— The task —
Lines below starting with the line with "1 Door 2 Tier China Cabinet" and going on through the line with "Roughly 200 hockey" must be output exactly; the rest of the records must be left out.

— Input data —
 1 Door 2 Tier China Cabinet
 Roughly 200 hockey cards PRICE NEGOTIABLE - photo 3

--

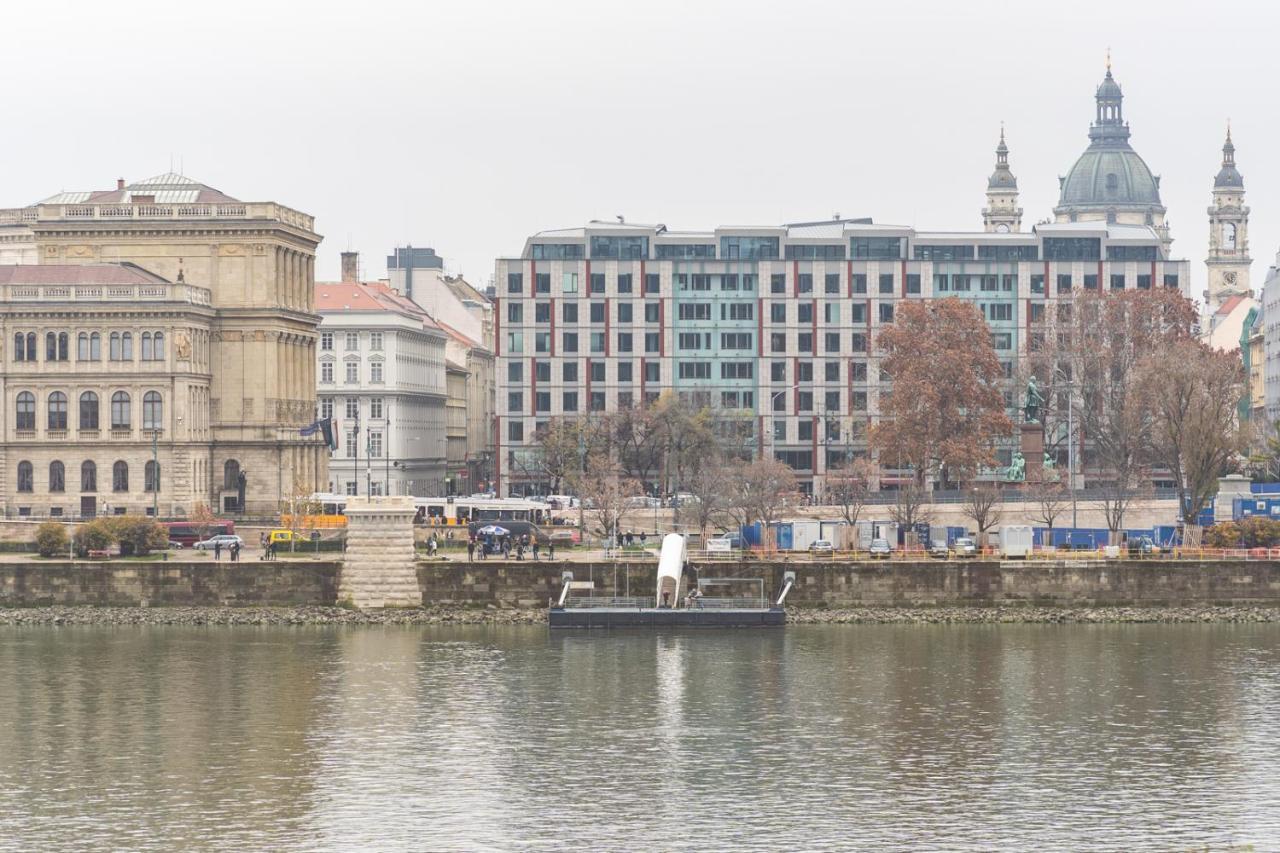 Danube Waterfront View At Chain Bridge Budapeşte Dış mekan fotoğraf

— Completed task —
 1 Door 2 Tier China Cabinet
 Roughly 200 hockey cards PRICE NEGOTIABLE - photo 3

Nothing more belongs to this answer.